═══ Data records
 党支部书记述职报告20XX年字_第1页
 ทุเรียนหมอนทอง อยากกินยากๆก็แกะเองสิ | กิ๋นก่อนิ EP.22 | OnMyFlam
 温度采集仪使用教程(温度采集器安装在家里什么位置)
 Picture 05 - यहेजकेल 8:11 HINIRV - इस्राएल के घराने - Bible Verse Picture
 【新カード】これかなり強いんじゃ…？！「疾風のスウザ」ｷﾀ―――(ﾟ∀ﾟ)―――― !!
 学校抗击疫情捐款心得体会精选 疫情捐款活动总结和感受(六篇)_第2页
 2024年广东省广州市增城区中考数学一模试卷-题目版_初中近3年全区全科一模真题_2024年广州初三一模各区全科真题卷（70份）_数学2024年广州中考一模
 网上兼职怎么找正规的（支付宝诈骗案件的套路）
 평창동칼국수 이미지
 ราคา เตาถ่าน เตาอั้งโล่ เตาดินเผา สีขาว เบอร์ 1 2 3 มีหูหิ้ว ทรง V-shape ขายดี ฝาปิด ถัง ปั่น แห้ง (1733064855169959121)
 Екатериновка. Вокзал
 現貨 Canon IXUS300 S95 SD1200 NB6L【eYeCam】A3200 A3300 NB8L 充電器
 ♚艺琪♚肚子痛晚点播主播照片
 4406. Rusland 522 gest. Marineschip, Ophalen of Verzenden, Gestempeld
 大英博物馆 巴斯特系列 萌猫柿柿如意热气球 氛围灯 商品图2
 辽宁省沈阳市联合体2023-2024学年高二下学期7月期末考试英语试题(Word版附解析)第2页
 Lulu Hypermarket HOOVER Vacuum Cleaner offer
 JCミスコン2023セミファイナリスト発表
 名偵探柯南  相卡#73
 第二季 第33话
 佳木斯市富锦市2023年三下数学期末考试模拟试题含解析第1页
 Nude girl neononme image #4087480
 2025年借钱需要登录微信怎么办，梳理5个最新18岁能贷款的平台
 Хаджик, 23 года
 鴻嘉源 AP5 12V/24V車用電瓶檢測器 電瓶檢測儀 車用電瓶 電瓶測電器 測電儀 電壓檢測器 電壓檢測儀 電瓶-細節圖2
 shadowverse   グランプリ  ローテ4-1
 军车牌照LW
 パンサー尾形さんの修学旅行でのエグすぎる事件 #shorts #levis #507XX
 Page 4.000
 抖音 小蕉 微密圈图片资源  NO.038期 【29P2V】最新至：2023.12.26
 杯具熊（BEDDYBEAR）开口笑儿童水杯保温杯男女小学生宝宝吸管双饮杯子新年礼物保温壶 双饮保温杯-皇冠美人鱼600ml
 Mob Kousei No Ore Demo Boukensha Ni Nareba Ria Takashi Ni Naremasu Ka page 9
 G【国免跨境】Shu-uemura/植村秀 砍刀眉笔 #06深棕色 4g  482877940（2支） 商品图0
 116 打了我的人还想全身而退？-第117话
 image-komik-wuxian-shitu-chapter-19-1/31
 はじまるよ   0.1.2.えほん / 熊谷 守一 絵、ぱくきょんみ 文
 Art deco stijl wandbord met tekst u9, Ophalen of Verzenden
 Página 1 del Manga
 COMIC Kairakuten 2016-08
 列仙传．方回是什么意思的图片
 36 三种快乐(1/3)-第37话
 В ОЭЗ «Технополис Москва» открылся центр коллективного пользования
══════
To do - Tally the lines in the records that contain the word "Verzenden"; the answer is that number and nothing more.

Task solution - 2